Tuesday, August 31, 2010

Io Volcano of the Week: Tvashtar - Part One

It is four for the price of one for this week's Io Volcano of the Week: Tvashtar Paterae.  During the month of August, we have examined the five volcanoes that were imaged up-close by the Galileo spacecraft during its encounter with Io on November 26, 1999.  During that flyby, Galileo acquired five observations with a scale of 160-280 meters or 525-920 feet per pixel (higher resolution observations were lost due to a spacecraft safing event).  Thus far we have profiled Zal, Emakong, Hi'iaka, and Culann, active volcanoes seen across various parts of Io's leading hemisphere.  This week, we travel to the great red north to Io's camera-loving volcano, Tvashtar Paterae.  Due to the sheer amount of data acquired of and papers written about just this one volcanic region, I am going to split this discussion up in to (at least) three parts.  Today, we will examine the geology of Tvashtar Paterae and the surrounding region, as well as the imagery Galileo returned of this volcano.  Tomorrow, August 31, we will focus on the eruptions that occurred at Tvashtar during the Galileo mission.  Finally, on Wednesday, September 1, we will examine the volcanic eruptions that have occurred there since the end of the mission, including the massive one that happened during the New Horizons flyby, and what these various eruptions tell us about how Tvashtar's lavas are supplied.
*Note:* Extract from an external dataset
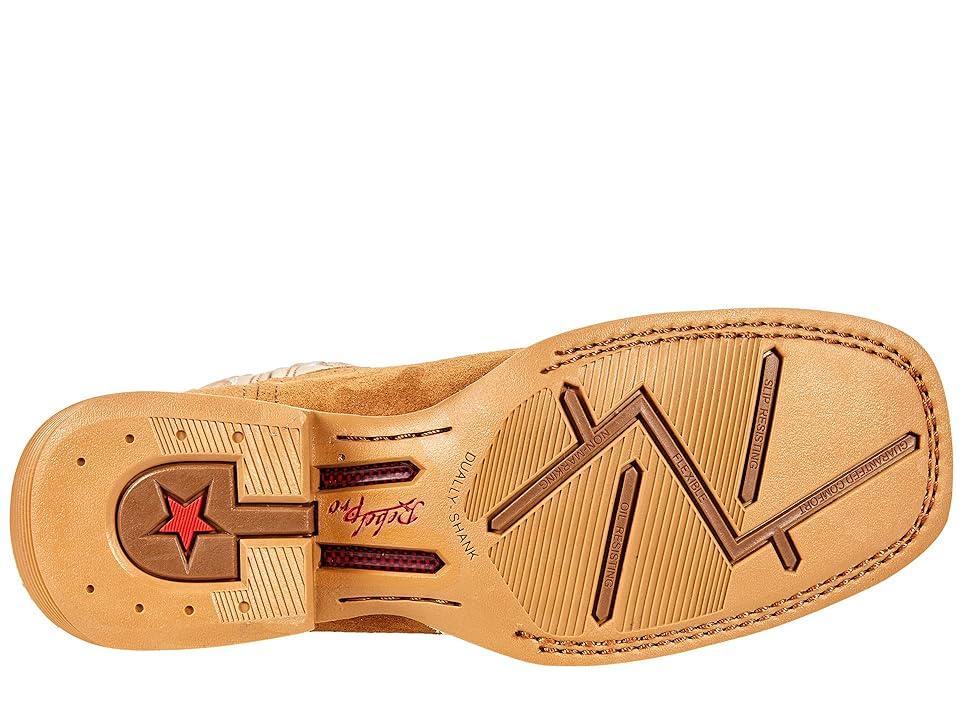 Durango Lady Rebel Pro 12 Western (Brown/Bone) Women's Shoes Product Image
First, let's stick to the basics. Tvashtar Paterae is a chain of volcanic depressions located at 62.76° North Latitude, 123.53° West Longitude, placing it in the high northern latitudes of Io's anti-Jovian (i.e. the "far" side) and leading hemispheres.  All together, Tvashtar measures 306 kilometers (190 miles) from its northwest to southeast ends.  The volcanic region is named after Tvastar, a solar deity and blacksmith to the gods of the Vedic religion.  Tvastar crafted, like Hephaestus for Zeus in Greek mythology, the thunderbolts of Indra and other magical implements.  There are a number of Ionian volcanoes named after characters from Vedic and Hindu religious texts, such as Savitr (a large volcanic depression 300 kilometers, or 186 miles, south of Tvashtar), Surya, Vivasvant, Arusha, and Agni. Originally, the region was named Tvashtar Catena in 2000, using the IAU term for a string of craters, but that feature type was deprecated for Io in 2006, so the descriptor term was changed to the plural of patera (technically, an irregular depression, but used for Io as a geologic term for a volcanic depression).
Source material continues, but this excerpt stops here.